An Indian-origin man from Malaysia went to Singapore and spent a whopping $573 to stay at a luxury hotel for one night so that he could get a chance to meet US President Donald Trump ahead of his historic summit with North Korean leader Kim Jong-un.
Maharaj Mohan, a 25-year-old consultant, checked into his room at the Shangri-La hotel on Monday and started hanging at the hotel lobby today for a glimpse of Trump, Today newspaper reported.
However, Mr Mohan only got a selfie with The Beast, the eight-tonne bulletproof limousine in which the US President travels, the report said.
"Singapore dollar 765 ($573 or Rs. 38,600) is a big sum, more than 2,000 in ringgit. But it is not too much to meet the president," he said.
Mr Mohan said that he knew he had a slim chance of meeting Donald Trump.
Staying in the hotel wing adjacent to the US president, Mr Mohan had been sitting at the hotel lobby since 6:30 AM today to track the Donald Trump's movements.
Yesterday, he had stood in the lobby for five hours, in a vain attempt to get the US president's signature on his number one bestseller Trump: The Art Of The Deal.
Took the once in a lifetime chance to crash The Singapore Summit where Donald J Trump met Kim Jong Un to broker world...
Posted by Maharaj Mohan on Tuesday, 12 June 2018
All he managed to catch was a glimpse of Donald Trump at about 8 am today when he left the hotel for the summit in Capella hotel on Sentosa island.
"It is lonely being a Trump supporter in Malaysia," Mr Mohan, a consultant at his father's consultancy and training firm, said.
"Everyone told me there is zero chance, one per cent chance (of catching Trump) even being within 20 km radius of the president... But who knows? Sometimes the impossible can happen," he said.
He said that his admiration for Donald Trump gets him "a lot of hate".

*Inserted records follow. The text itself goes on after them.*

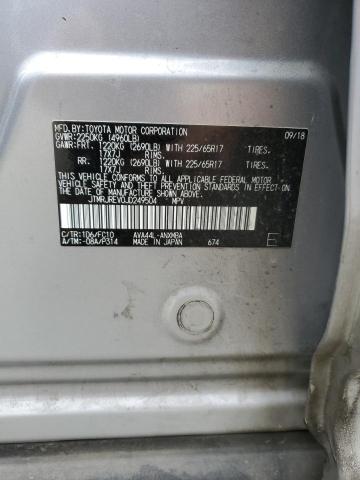 2018 TOYOTA RAV4 HV LE JTMRJREV0JD249504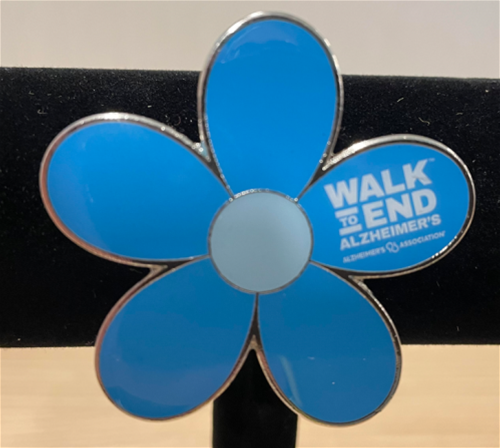 Promise Garden Flower Pin-Blue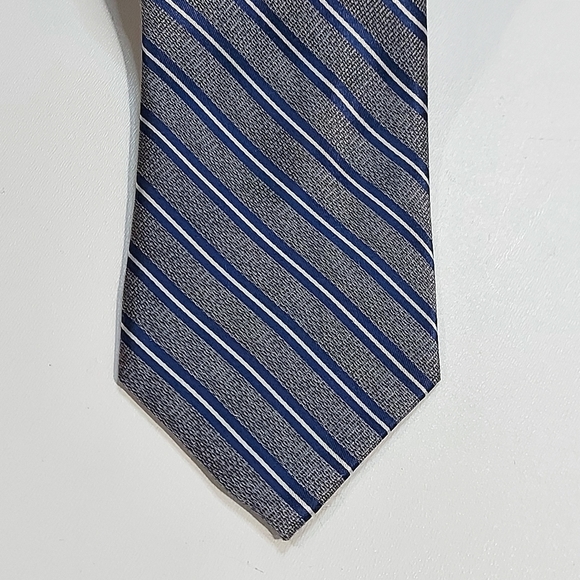 Joseph Abboud Angled Striped 100% Silk Neck Tie 👔 - Picture 5 of 10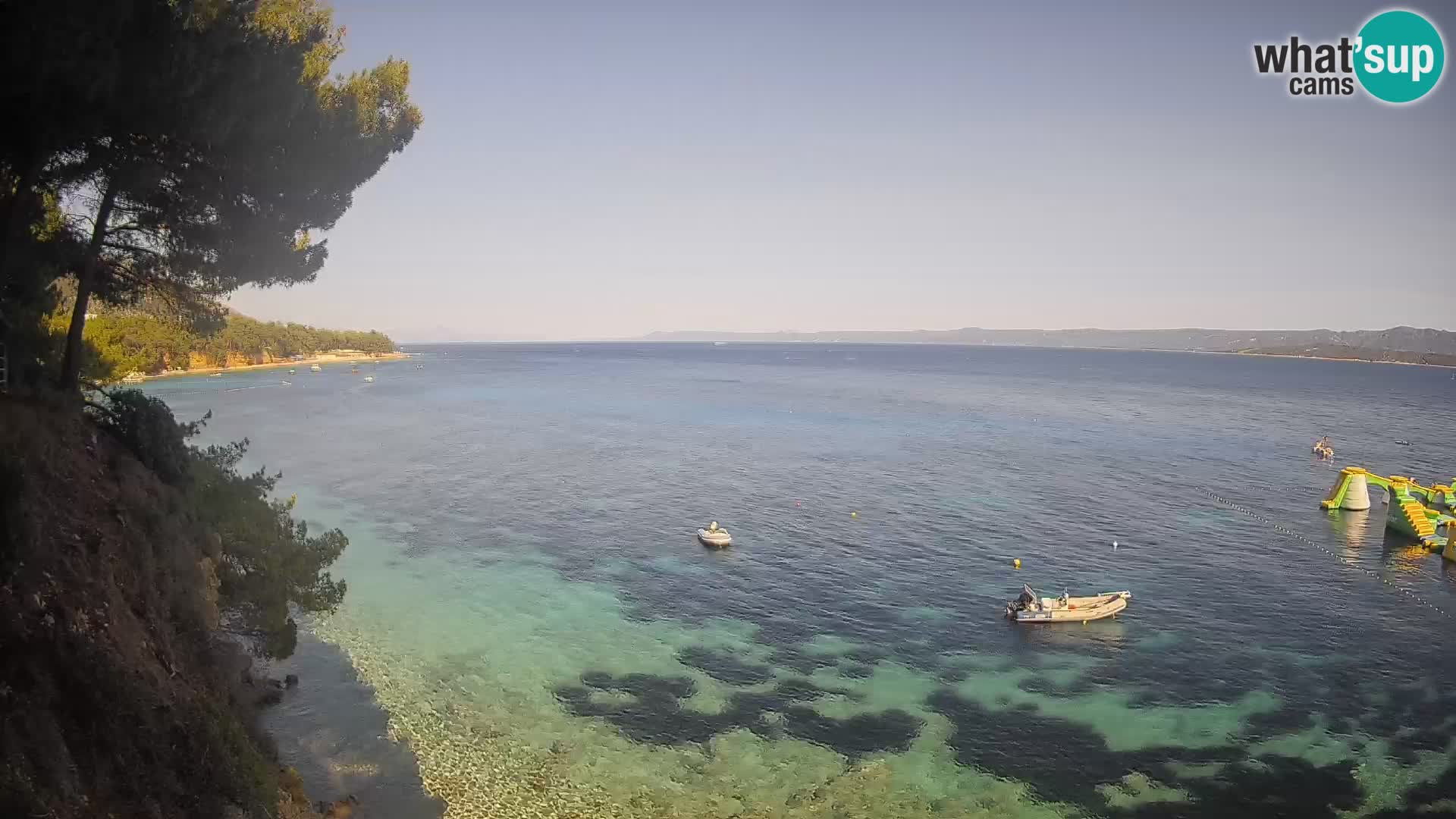 Webcam Spiaggia Potočine Bol – Vista live sulla spiaggia Borak, Isola di Brač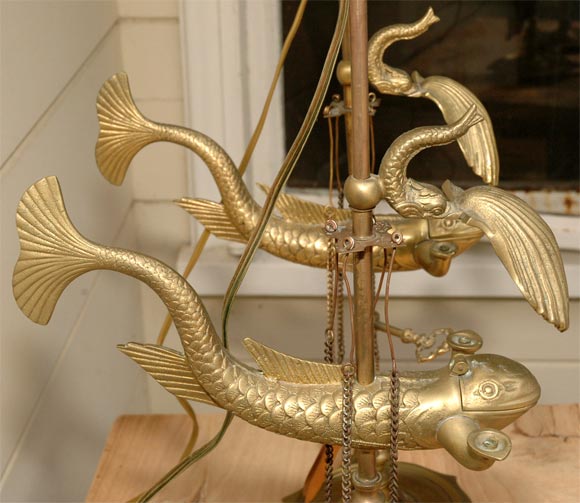 20th Century Pair of Electrified Oil Lamps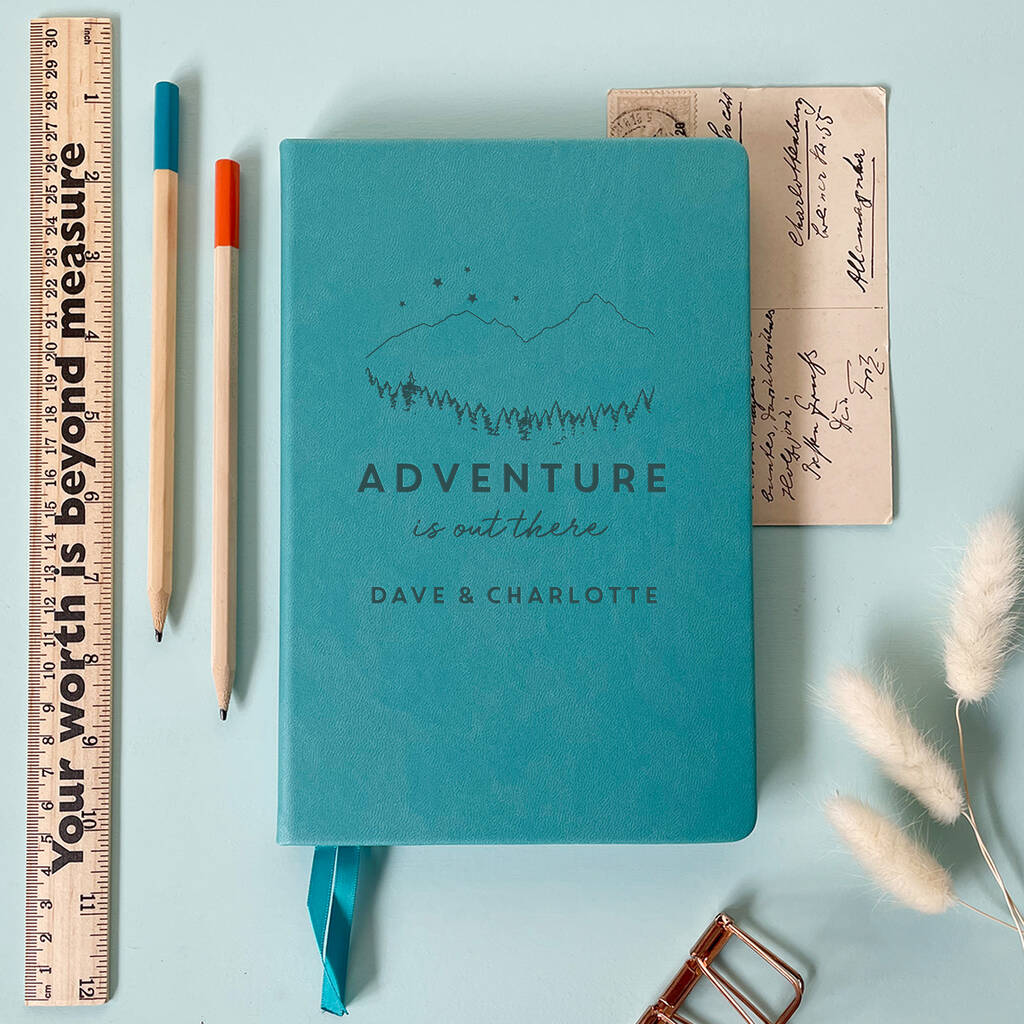 Adventure Personalised Travel Journal Notebook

He said that Donald Trump first caught his eye in 2007 when he won a "battle of the billionaires" in the World Wrestling Entertainment's (WWE) WrestleMania. North Korean leader Kim today agreed to work toward "complete denuclearisation of the Korean Peninsula" in return for security guarantees from the US as Trump wrapped up his historic summit which he described as "honest, direct and productive."